3) Manifesto won the Grand National twice in the late 1890s and ran in the race a record eight times. He was instrumental in restoring the prestige and popularity to the Grand National as the race had been marred by corruption in previous years. He was a tough, well-proportioned and powerful horse which was just as well as he jointly holds the record for the highest weight carried by a wining horse (12st 7lbs) and also the record weight for a placed horse (12st 13lbs).
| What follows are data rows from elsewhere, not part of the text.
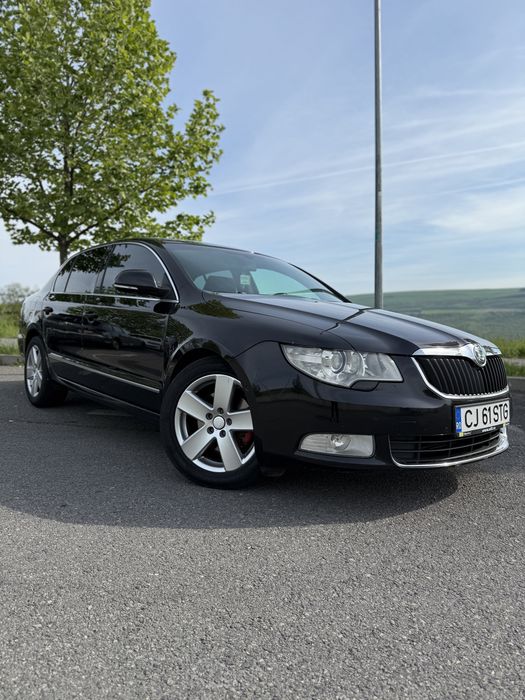 SKODA Superb 2009 — imagine 2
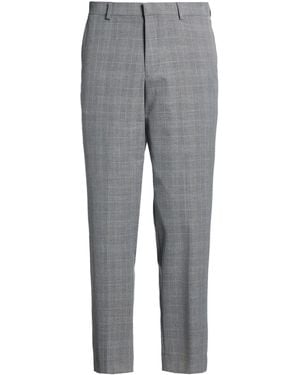 Jack & Jones Pants Recycled Polyacrylic, Viscose, Polyester, Elastane - Gray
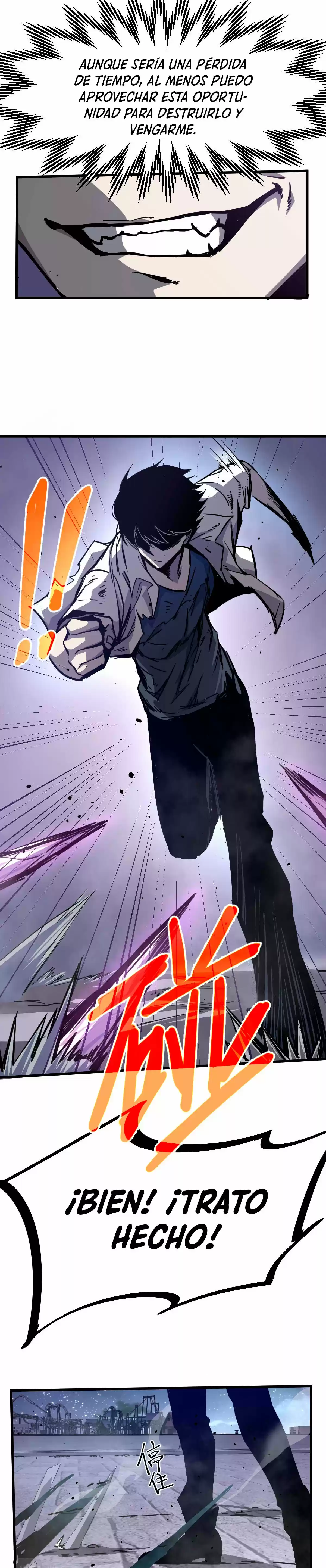 Super Evolution (2021) - Capítulo 15 - Página 7 - LectorTMOo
4) West Tip In 1982, West Tip had been injured in an accident involving a lorry outside his stables, after which it was feared the horse would have to be put down. However, 3 years later with a distinctive scar on his hind quarters he went on to contest the 1985 Grand National, falling at Beechers Brook on the second circuit. He then went on to win the race the following year in 1986 before finishing fourth in 1987 and 1988, second in 1989 and tenth in 1990. On each occasion he was ridden by Richard Dunwoody.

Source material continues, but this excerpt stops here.